* [Data extracts]:
++++++

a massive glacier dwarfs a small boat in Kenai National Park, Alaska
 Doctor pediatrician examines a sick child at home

++++++

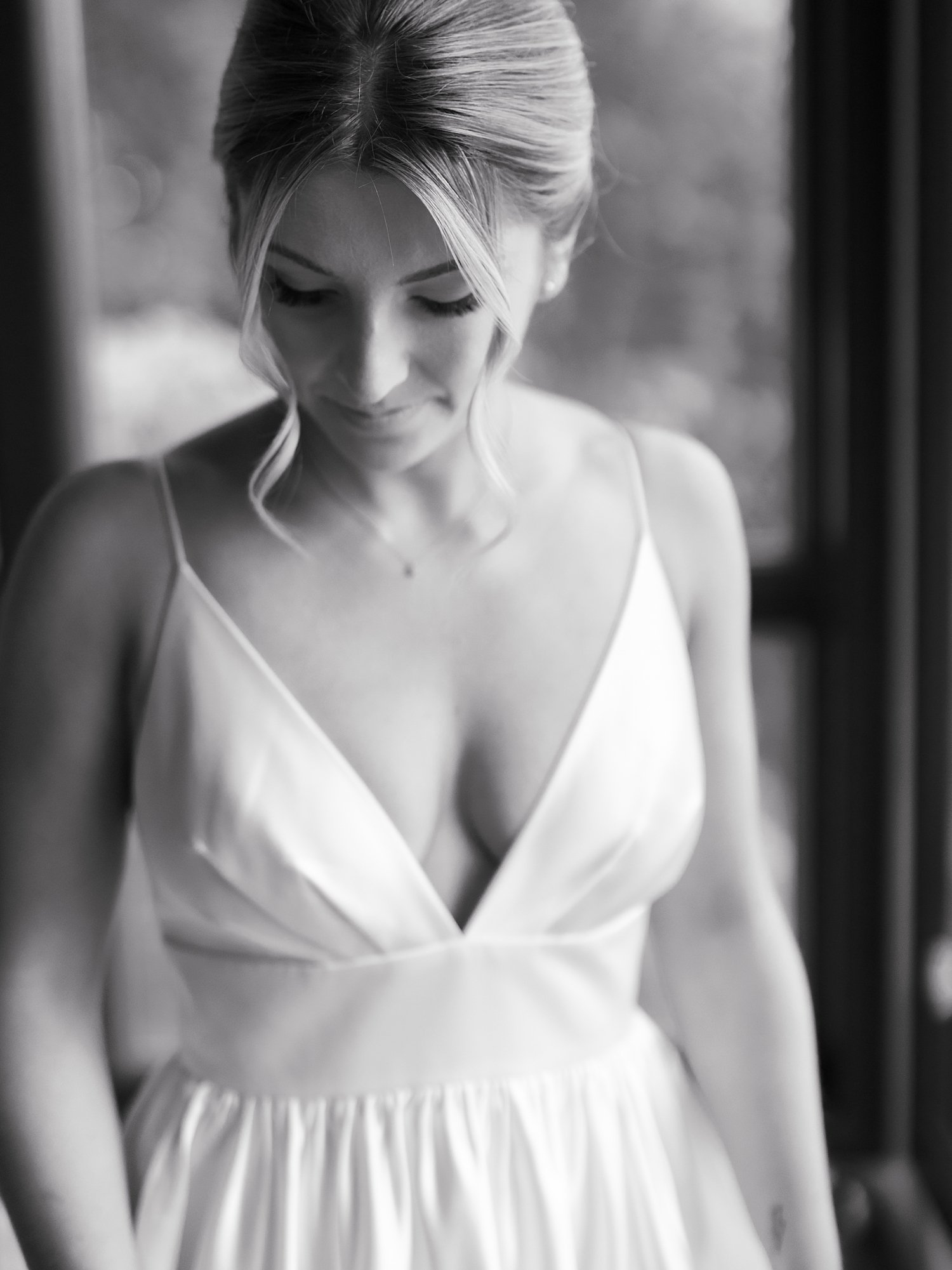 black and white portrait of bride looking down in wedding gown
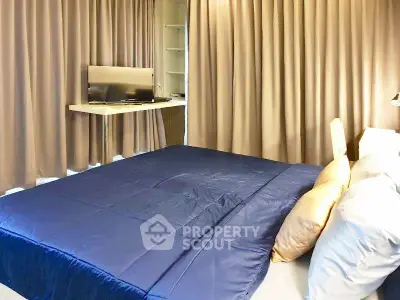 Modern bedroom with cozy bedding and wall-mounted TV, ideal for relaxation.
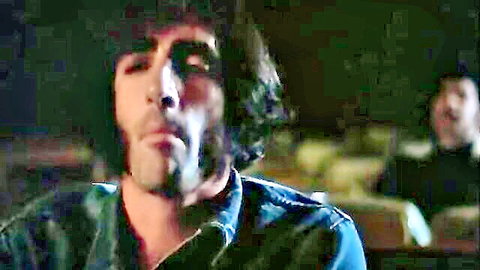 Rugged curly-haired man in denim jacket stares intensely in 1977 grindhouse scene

++++++

* [Task prompt]: From the listing above, restate verbatim the lines running from the one with "black and white" through the one with "Rugged curly-haired man", inclusive, but not the pictures.

* [Reply to the exercise]:
 black and white portrait of bride looking down in wedding gown
 Modern bedroom with cozy bedding and wall-mounted TV, ideal for relaxation.
 Rugged curly-haired man in denim jacket stares intensely in 1977 grindhouse scene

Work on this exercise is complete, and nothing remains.